I can do all things through Christ Who strengthens me.

Monday, August 4, 2008

West 2008: Thursday, July 17, 2008


We left the motel in St. Cloud early and again headed west on I-94. We had about 654 miles to cover by evening. Our destination was Dickinson, North Dakota.

I-94 shoots straight as an arrow across the wide expanses of North Dakota at a speed limit of 75 miles per hour. We could see for miles in all directions, with wide expanses of blue sky above us and miles of concrete ribbon speeding by beneath us.

We made a couple of stops that day for birdwatching and photography. First we stopped at the Dawson Wildlife Management Area near Dawson, North Dakota. A sign with a binocular pictured on it caught Linda’s attention, and so we pulled in to this small clearing along a rural road.

I busied myself taking pictures of the area while Linda explored the perimeter of the clearing with her binoculars for signs of bird life. Her records indicate she saw a cliff swallow, western kingbird, marsh harrier, yellow-headed blackbird, white pelican, eastern wood pewee, eastern bluebird, yellow warbler, forsters tern, and a tree swallow.

Later, across the river from Bismarck, North Dakota, we stopped at the Fort Abraham Lincoln State Park. Here she saw a red-eyed vireo, cedar waxwing, and catbird.
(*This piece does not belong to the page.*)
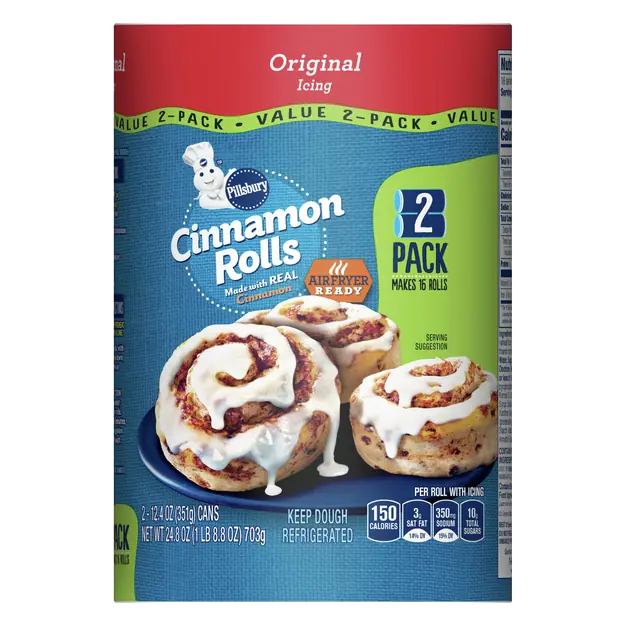 Cinnamon Rolls with Original Icing Value Pack - 16 ct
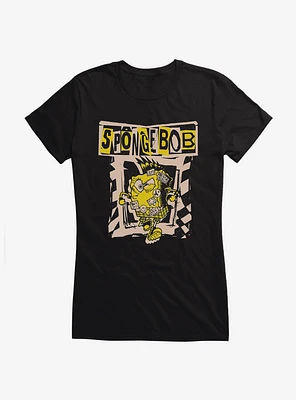 SpongeBob SquarePants Punk Attitude Girls T-Shirt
Fort Abraham Lincoln played a role in the history of another site we would visit several days later. This military post opposite the Missouri River was home base for the Seventh Cavalry whose commander was General George Armstrong Custer. It was the Seventh’s assignment to defend those who would open the west for both the railroad and the settlers that would follow.
In the summer of 1876, General Custer and the Seventh Cavalry left Fort Abraham Lincoln on a 500 mile-long journey into history. A problem had developed in what eventually would become southwestern Montana. Indian tribes who had not made treaties with the United States government were refusing to stay on their lands and threatened the westward expansion efforts. Under orders from President Ulysses Grant, General Custer and his men rode into the valley of the Little Big Horn River and one of the fiercest battles in the history of winning the west. None of General Custer’s men or himself returned to Fort Abraham Lincoln. Even their horses were killed in the intense fighting that lasted for two days.

We left the Fort as well, probably never to return, as we headed west to the town of Dickinson, a town of about 16,000 people situated on the eastern edge of some of the most spectacular scenery in America.
Photo: Fort Abraham Lincoln State Park across the Missouri River from Bismarck, North Dakota.